Dünyaya geldiği anda doğuştan getirdiği emme, soluma, tutunma gibi birkaç reflektif hareketlerinin dışında henüz öğrenilmiş bir davranışı yoktur. Çocuk içinde bulunduğu çevreyi tıpkı bir kamera kaydı gibi zihnine kaydeder ve bu kayıtlar zamanla çocuk tarafından model alınır. Böylelikle çocuğun şekillenme süreci başlamaktadır. Bu süreçte çocuğun ilk karşılaştığı sosyal çevresi yani bakım verenlerinin rolü oldukça büyüktür. Çünkü erken çocukluk dönemi, kişiliğin temellerinin atılması açısından büyük öneme sahiptir.
Çocuk ailenin aynasıdır
Model alma, erken çocukluk döneminde olan bir çocuğun en çok ihtiyaç duyduğu şeydir. Böylelikle gözlemlediği davranışları birer birer uygulamaya geçirir. Uygulamaya geçen davranışlar ise çocuğun içinde bulunduğu çevreye ve model aldığı kişilere göre de değişiklik gösterir. Tıpkı aynaya yansıyan siluetler gibi. Bu sebeple ilk önce kendi davranışlarımızı değerlendirmeliyiz ve uygun görmediğimiz davranışları sergilememeliyiz. Zira çocuklar yanlışı, kötüyü bilmezler model alırlar.
Erken çocukluk dönemi gelişimsel süreçlerin hızlı ilerlediği zaman dilimidir. Her bir yaşın kendine has gelişimsel özellikleri ve çalkantıları vardır. Henüz bir bebek isteklerini sözel olarak ifade edemez ve diş çıkarma ile baş etmeye çalışır. 1 yaş dolaylarına geldiğinde özgürlüğüne kavuşmanın sevinciyle adımlar atmaya çalışır. 2 yaş dolaylarında kendisi için çok önemli bir parça olarak gördüğü idrarını/kakasını tuvalete bırakma çabası içerisindedir. 3 yaşa geldiğinde ‘ben’liğinin farkına varmaya başlar ve kendisini dünyanın merkezi olarak görür.
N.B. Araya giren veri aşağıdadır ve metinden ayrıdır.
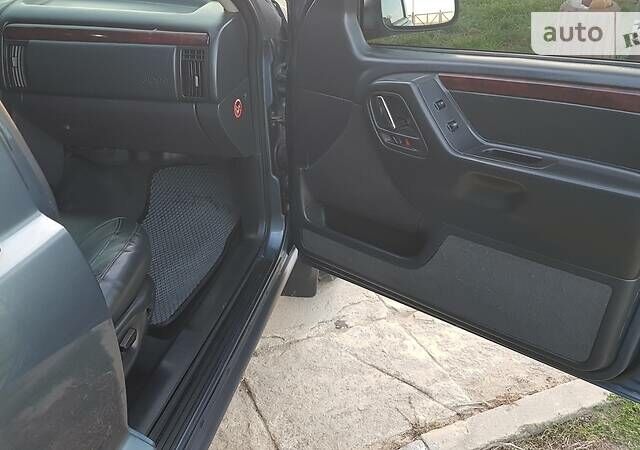 Синий Джип Гранд Чероки, объемом двигателя 2.7 л и пробегом 300 тыс. км за 10800 $, фото 15 на Automoto.ua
4 yaş sosyalleşme adımlarını genişlettiği artık akranlarıyla zaman geçirmekten keyif aldığı ve kendisini daha çok keşfetmeye başladığı bir zamandır. 5-6 yaş mı? Gelişimsel süreçlerin altın yılı diyebiliriz. Kendisini, çevresini, akranlarını, kuralları tanıdığı ve buna göre hareket ettiği bir dönemdir. Yıllar birbirini kovalarken çocukta gelişim basamaklarından bir bir çıkmaya başlar. Bu yolculukta gelişimsel süreçlerin hızla ilerlemesi çocukta bazı duygu durum değişikliğine/çalkantılarına yol açabilir. Bizler yeni girdiğimiz bir ortama, yeni gerçekleşen bir olaya, belki yeni bir ayakkabıya çabuk uyum sağlayabiliyor muyuz? Peki ya çocuklardan neden bunu bekliyoruz.
Çocuklar büyürken her gün, her ay, her yıl yeni bir sürece girer ve bu sürece adapte olmaya çalışır. Uyum süreci içerisinde hissettiği duygular ve sergilediği davranışlar uyum sancılarıdır ve bunlar oldukça normaldir. Peki ya normal olmayan nedir? Olumsuz olarak nitelendirilen davranışların sıklığının çok olması ve yaşa uygun olarak sergilenmemesini kıstas olarak alabiliriz. Bu kıstaslar çerçevesinde çocuğun sergilediği davranışları bozukluk olarak değerlendirmekteyiz.
Acaba davranışlar gerçekten bozulmakta mıdır?
Çocuklarda bozulan davranışlar değildir. İlk olarak duygular bozulur. Çocukların duygularının bozulmasına etken olan şey ise ‘aşırılıklar’dır. Çocuğa karşı gösterilen ilgi-ilgisizlik, tavır ve davranışlardaki tutarsızlık gibi durumlarda aşırıya kaçma durumu çocuklarda duyguların karışmasına, bastırılmasına, gereğinden fazla/farklı olarak ortaya çıkmasına yol açmaktadır. Duygu dünyası karışan/bozulan çocuk ise bu duyguları davranışlarına yansıtmaktadır. Bu sebeple çocukların duygularını olduğu gibi yansıtmasına fırsat vermek, bu noktada desteklemek oldukça önemlidir.